Pittsburgh, Pa.: So how deep will everyone dig on this and what are we (general public) likely to find out? For example, how these folks were financed/trained, who their handlers were, what official in Russia was responsible for the program? Do you think this investigation will quietly fade into the background or will we learn these details?
Frederick P. Hitz: I hope we find some of the answers to these very good questions you put. It may happen at trial; the Russians may be more forthcoming if they believe good relations with the U.S. are at stake; and perhaps our media will do some good digging.
Washington, D.C.: Could you explain why the FBI is so public about this incident? Arresting spies and taking them into a U.S. law court seems like a bizarre decision rather than using counter-intelligence options.
Frederick P. Hitz: Good question. I think the number involved forced the Bureau's hand. It's one thing to try to bleed one or two suspects but 11. I believe the FBI felt it had gone as far as it could in trying to get a line on what they were up to, and it was time to move and arrest them.
McLean, Va.: If the Russians just wanted to infiltrate the powerful and influential, they could have hired the Salahis. They did it overnight, instead of taking years.
Frederick P. Hitz: good point.
Philadelphia, Pa.: I am wondering if the Russian spies who were a couple began as a couple prior to spying, or did their work bring them together and being a couple was their cover?
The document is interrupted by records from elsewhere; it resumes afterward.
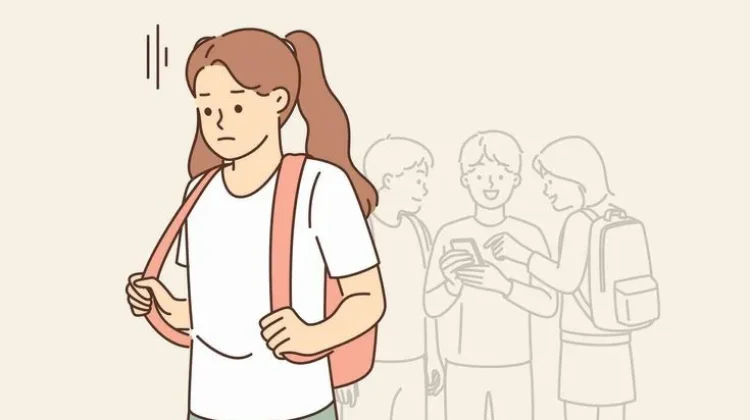Kenali Enam Tanda Sulitnya Menjalin Pertemanan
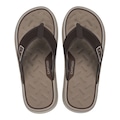 Chinelo Cartago Malaga Sport Masculino MARROM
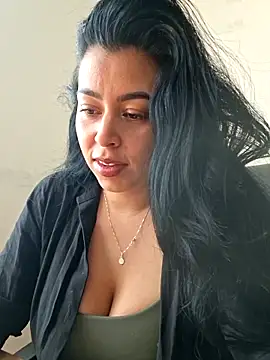 Luianna webcam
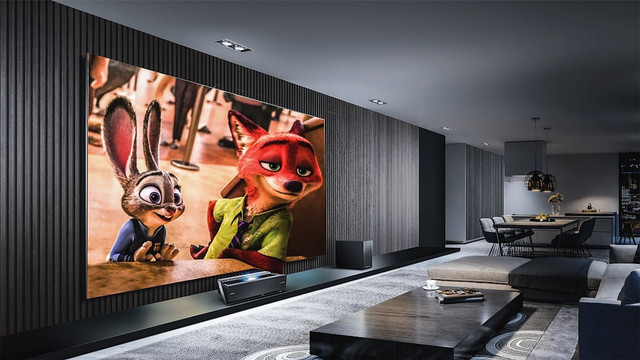 ilustrasi merk smart tv terbaik. unsplash/Chauhan Moniz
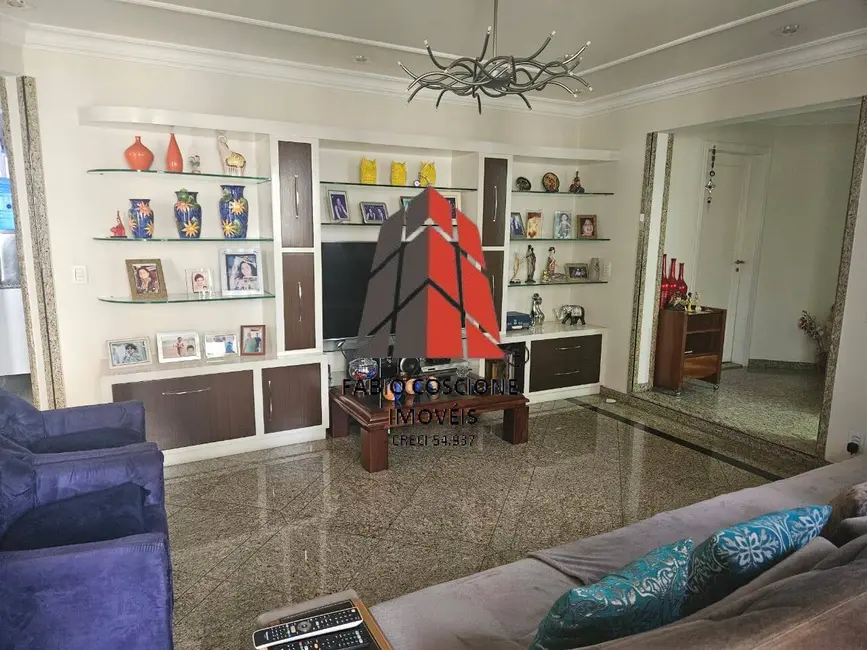 Apartamento com 3 quartos à venda, 154m2 em Tatuapé, São Paulo - SP - imagem 2 Foto 2 de Apartamento com 3 quartos à venda, 154m2 em Tatuapé, São Paulo - SP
Frederick P. Hitz: Read "Tinker Tailor" by Le Carre
Baltimore, Md.: Any guesses as to what the Russians might try next?
Frederick P. Hitz: I think this will slow them down on the "illegals" track. The FBI has seemingly done a superb job. They might get caught again.
A Russian America who is not a spy, honest: I expressed this concern earlier, but I remember how, as a person with a Russian last name, even though it was my Great Grandfather who left Russia in the 19th century, how some people look suspiciously at me in a government job. When I was hired, some Russian spies had just been arrested in similar work in other states, so I know what this paranoia looks like. I do hope it does not reemerge, as it seems there will be a few people who can't help but stereotye others.
Frederick P. Hitz: I understand your concern. Think of the situations of Muslim-Americans.
Providence, R.I.: What is going to happen to these children of the "spies"?
We still aren't even sure who their parents really are.
Reading in the Wall Street Journal how the "spies" are very isolated since I remember how my mother used to tell my father, "Don't them the kids anything unless you want it to be a topic of discussion on the playground of St. Joseph Elementary tomorrow morning." From Russia With Gripes (Wall Street Journal)
Frederick P. Hitz: Good points.
The children: The article on the possible fate(s) of the children of these so-called spies was sad to read. (I kept thinking of little Elian Gonzalez for some reason.) Your thoughts?
Frederick P. Hitz: I agree. It is potentially quite troubling. It may force the Russian Gov't to step up and agree to support them.
Alexandria, Va.: Did these people work independently of one another, or did they coordinate their actions? Did all of them even know all the others?
Frederick P. Hitz: I don't think we know yet. Wait until trial.
washingtonpost.com: With parents accused of spying for Russia, what happens to their children? (Post, July 1)
Orono, Maine: The thing I remember about the election of Dmitry Medvedev was how the international press had problems pronoucing his surname.
I think we've gotten better at it.
Frederick P. Hitz: I agree.
Sexy Redhead: No. She was the newest, youngest, most photogenic and from reports, the most incompetent. But I'm sure those looks could have eventually opened up a door or two for her.
Frederick P. Hitz: Remember espionage in the U.S. is an FBI matter.
Washington, D.C.: How might this case be handled differently without the restructuring of the CIA during the past decade?
Frederick P. Hitz: Remember, espionage in the U.S. is an FBI matter.
Baltimore, Md.: Have you ever caught a spy?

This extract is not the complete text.